My salary is not going to increase unless I move jobs - atm need to stay where I am to manage after school care etc. His salary is increasing so we are getting much nearer to parity on salaries.

House in a very expensive area. Interest only mortgage. Significant equity in the property (3/4 equity). I currently pay mortgage and bills etc, he makes a contribution to kids.

I couldn’t afford to buy him out, even though I can afford to run the house. I’m going to struggle to get somewhere with a bedroom for each of the kids in the area. Am really loathe to move out of area though due to kids stability ( eldest has severe anxiety), in particular school where just getting in place adjustments for my eldest. Also because I have worked hard to build a bit of a network of support here myself. May need to consider move once we get nearer to secondary.

What I’m struggling with is whether to go for getting ex to agree to me staying in the house for 3 years, then move with an eye on secondary or to just go for a sale now. 3 years would hopefully give my eldest time to adapt, get help and settle down ( he is starting to improve). Would have to agree to let ex still come to the house during the week for bedtime though - which I’d prefer not but could live with.

Or am I better just biting the bullet and selling now - and hoping I can get somewhere in this area even if it is really small? Is the 3 years really me just putting off the inevitable substantial change in my lifestyle?

I’m 43 so also worrying about getting a mortgage etc the longer I leave it.

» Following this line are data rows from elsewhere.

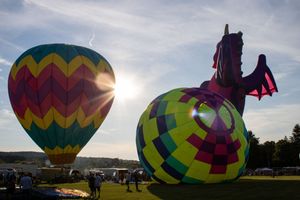 Silhouettes of hot air balloons against sunset sky with geometric patterns and vibrant colors.
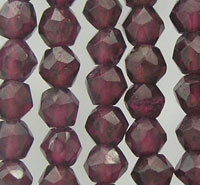 Strands of faceted dark red beads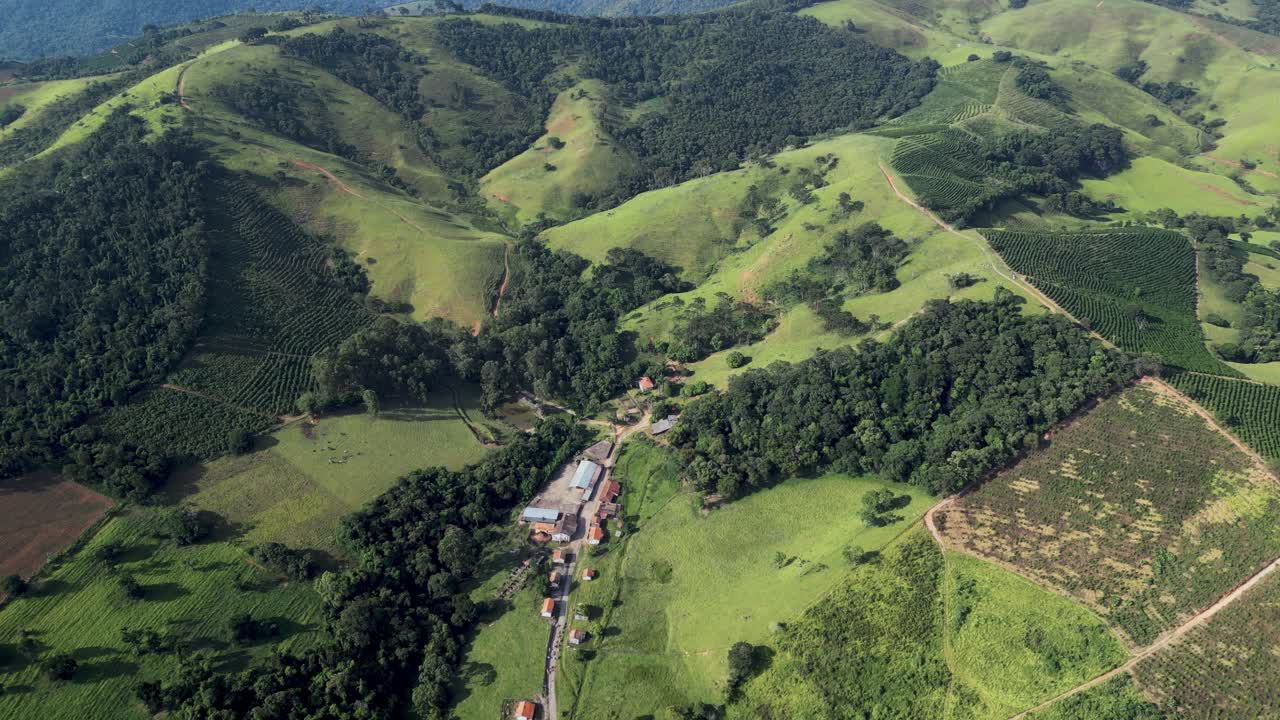 aerial view looking downa small remote village in the middle of the Serra da Mantiqueira, southern Minas Gerais, a green area with agriculture and mountain bike trails.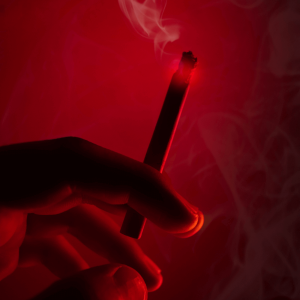 person holding a joint in a red room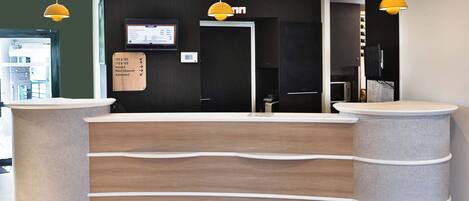 Un mostrador de recepción de diseño moderno, con acabado de madera y forma curvada. Dos lámparas colgantes están suspendidas sobre el mostrador, y una pantalla digital muestra información en la pared de fondo.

As an aside ex will not move the process forward at all so I will have to push this ( even though he has his new partner). He just says he is happy for things to stay like this indefinitely. I’m really struggling with sorting everything out for my eldest plus working full time and the kids - so pushing the divorce is another big thing to add to the load ( although necessary!).

Sorry so long - I have no family support so finding it difficult to work our what to do for the best.

OP posts:
Palaver1 · 29/05/2019 14:45

You don’t have to share pensions 50 50 .
Wish you could start again as house is interest only.
Change is always good for all children as well as those with additional needs don’t worry about that
There has too be a fairer way of sharing childcare his having a laugh.